スライス玉ねぎは、軽く水で晒してからお皿に取っておく、これは鰹節と醤油を掛ければ箸休めの一品になるからね。あ、柑橘系を絞ってポン酢も作っておこう。
「ええと……やっぱり、まず作るなら豆腐ハンバーグだよな」
そう呟いて、後からの店で買った大量の絹ごし豆腐を取り出してもらう。
「ええとサクラ、合い挽きミンチってまだあったか?」
「これで終わりだよ。どうする? 作る?」
取り出した作り置きの合い挽きミンチは、多分1キロくらいしか無い。普通のハンバーグも後で作りたいから、絶対足りないな。
「普通の牛肉と豚肉の在庫ってまだあるか?」
「えっと、これで全部です」
取り出してくれた塊は一つずつと、後は半端が少しあるだけらしい。
野生肉を使わなかったら、もうこれだけしか無いんだ。ちょっと驚くレベルの消費の早さだね。
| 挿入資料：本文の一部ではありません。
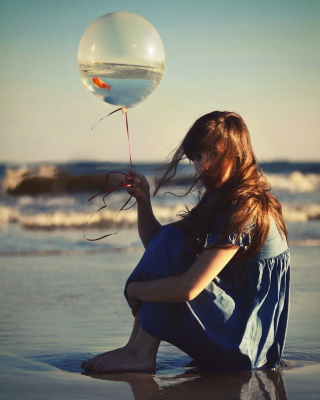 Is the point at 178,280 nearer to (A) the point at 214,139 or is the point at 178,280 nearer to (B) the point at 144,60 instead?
(A) the point at 214,139

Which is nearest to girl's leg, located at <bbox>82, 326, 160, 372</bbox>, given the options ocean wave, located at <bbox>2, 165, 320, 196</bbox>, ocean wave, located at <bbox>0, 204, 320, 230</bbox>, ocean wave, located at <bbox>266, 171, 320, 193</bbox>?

「まあ、肉は明日買えば良いな。じゃあそれ全部、合い挽きミンチにしてくれるか」
コンロとフライパンを用意しながらお願いする。
サクラがまるっと肉の塊を飲み込んで、伸びたり縮んだりし始め、しばらくすると、空いたお椀に作ったばかりの合い挽きミンチを出してくれた。
「おお、これだけあればかなり作れるなよしよし」
山盛りの合い挽きミンチ、多分全部で10キロくらいある。
「2キロ分くらいは豆腐ハンバーグにしよう。あ、残ったらこれでそのままミートボールも作っておけばいいな」
頭の中で作る順序を考えつつ、取り出してあった絹ごし豆腐をちょっと考えて十個使う事にした。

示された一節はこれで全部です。